BERITA BEKASI – Proses pengisian kekosongan jabatan Wakil Bupati Bekasi sisa masa jabatan 2017-2022, terkesan alot dan berlarut-larut. Padahal, kekosongan jabatan Wakil Bupati Bekasi telah lama sejak 12 Juni 2019 lalu.
Untuk diketahui, Wakil Bupati Bekasi dilantik menjadi Bupati Bekasi pasca Neneng Hasanah Yasin (NHY) ditetapkan sebagai terpidana kasus korupsi oleh Komisi Pemberantasan Korupsi (KPK).
Proses pemilihan Wakil Bupati Bekasi yang sudah dilaksanakan 18 Maret 2020 dengan hasil terpilihnya, H. Akhmad Marjuki dengan perolehan suara menang mutlak 40 suara, tak kunjung juga dilantik.
ADVERTISEMENT
SCROLL TO RESUME CONTENT
Sangat berbeda dengan proses pengisian Wakil Gubernur (Wagub) DKI Jakarta, dimana Paripurna pemilihan Wagub DKI dilaksanakan pada 6 April 2020, namun lebih dulu dilantik di Istana Negara pada 15 April 2020 yang lalu.
Selain itu, buntut Pemilihan Wakil Bupati (Pilwabup) Bekasi juga berujung kepada Laporan Polisi ke Polda Metro Jaya (PMJ), terkait dugaan pemalsuan surat yang dilaporkan, Tuti Nurcholifah Yasin melalui Kuasa Hukumnya, Naupal Al Rasyid.
Laporan bernomor: LP/1980/III/YAN.2.5/2020/SKPT PMJ, dilaporkan Pelapor ke Poda Metro Jaya pada tanggal 24 Maret 2020 lalu.
Kepada Matafakta.com, Ketua DPRD Kabupaten Bekasi, Aria Dwi Nugraha, membenarkan adanya pemanggilan klarifikasi dari Polda kepada DPRD.
“Bukan saya aja yang dipanggil.

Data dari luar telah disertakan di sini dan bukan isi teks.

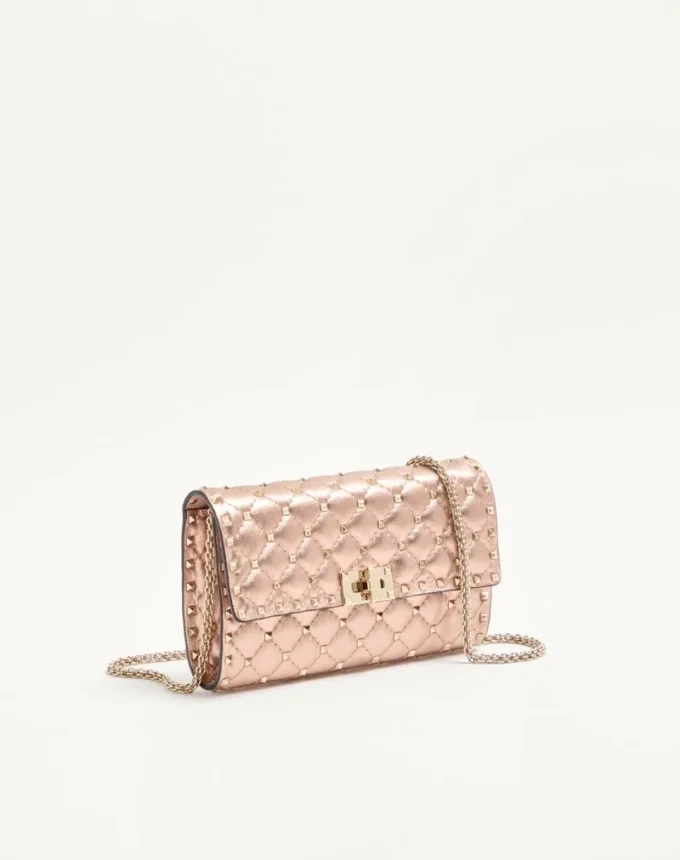 Valentino Garavani Rockstud Spike Shoulder Bag In Laminated Nappa Leather Valentino Garavani Rockstud Spike Shoulder Bag In Laminated Nappa Leather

Bupati Bekasi, Eka Supria Atmaja juga dipanggil kata penyidik. Kalo saya datang pada, Selasa 9 Juni 2020. Sementara, Bupati Eka, Rabu 10 Juni 2020 dan beliau sendiri membenarkan, jika dirinya juga dipanggil Polda,” kata Aria, Kamis (11/6/2020).
Dijelaskan Aria, jika kehadirannya ke Polda Metro Jaya guna memenuhi panggilan klarifikasi dari penyidik tentang dugaan sebagaimana dimaksud diatas.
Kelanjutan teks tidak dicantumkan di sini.